If your baby was born early, the numbers above won’t apply at 3 months of chronological age. Premature babies are measured using their “adjusted age,” which accounts for how early they arrived. To calculate it, subtract the number of weeks your baby was born early from their actual age in weeks. A baby born 6 weeks early who is now 3 months old has an adjusted age of about 6 weeks, so their weight should be compared to the chart values for a 6-week-old, not a 3-month-old.

This adjusted age is used for tracking growth and development until the child turns 2. Preemies often follow lower percentile curves initially and gradually catch up over the first one to two years. Their pediatrician will plot growth using the adjusted timeline, so the numbers at well-child visits may look different from what you’d expect based on calendar age alone.
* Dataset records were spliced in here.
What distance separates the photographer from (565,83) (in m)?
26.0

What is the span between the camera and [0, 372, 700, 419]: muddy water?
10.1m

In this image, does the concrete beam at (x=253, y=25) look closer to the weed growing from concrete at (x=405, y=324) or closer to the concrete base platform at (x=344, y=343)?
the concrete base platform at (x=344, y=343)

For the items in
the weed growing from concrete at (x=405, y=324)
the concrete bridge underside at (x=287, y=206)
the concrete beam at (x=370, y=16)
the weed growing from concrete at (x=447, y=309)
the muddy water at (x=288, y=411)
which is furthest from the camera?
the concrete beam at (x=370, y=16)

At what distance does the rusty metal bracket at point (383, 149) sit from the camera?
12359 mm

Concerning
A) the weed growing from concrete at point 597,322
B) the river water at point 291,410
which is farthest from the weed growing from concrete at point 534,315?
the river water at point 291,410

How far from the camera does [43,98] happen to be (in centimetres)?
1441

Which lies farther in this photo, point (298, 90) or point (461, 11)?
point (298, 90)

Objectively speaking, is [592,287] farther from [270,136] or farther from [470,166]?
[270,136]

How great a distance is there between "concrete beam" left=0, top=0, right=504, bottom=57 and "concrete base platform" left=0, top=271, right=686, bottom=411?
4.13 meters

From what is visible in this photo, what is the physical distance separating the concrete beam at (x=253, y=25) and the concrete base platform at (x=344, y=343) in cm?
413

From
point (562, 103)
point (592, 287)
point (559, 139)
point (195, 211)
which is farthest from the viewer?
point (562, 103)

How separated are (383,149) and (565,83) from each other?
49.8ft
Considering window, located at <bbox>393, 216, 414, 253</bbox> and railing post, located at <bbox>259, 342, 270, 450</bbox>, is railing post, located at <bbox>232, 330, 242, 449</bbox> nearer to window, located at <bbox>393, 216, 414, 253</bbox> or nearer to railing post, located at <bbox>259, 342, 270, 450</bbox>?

What Matters More Than the Number

Your baby’s weight at 3 months is one data point. It’s useful, but it only becomes meaningful in context. Genetics play a significant role: smaller parents tend to have smaller babies, and that’s perfectly healthy. Birth weight sets the starting line, and a baby born at 6 pounds will likely weigh less at 3 months than one born at 9 pounds, even if both are growing at the same rate.

The growth curve matters more than any single measurement. A baby who has tracked steadily along the 20th percentile since birth is growing well. A baby who was at the 70th percentile and suddenly drops to the 20th needs evaluation. Consistency is the signal. Your pediatrician plots these points at every well-child visit specifically to catch shifts early, so keeping those appointments is the most practical thing you can do to stay on top of your baby’s growth.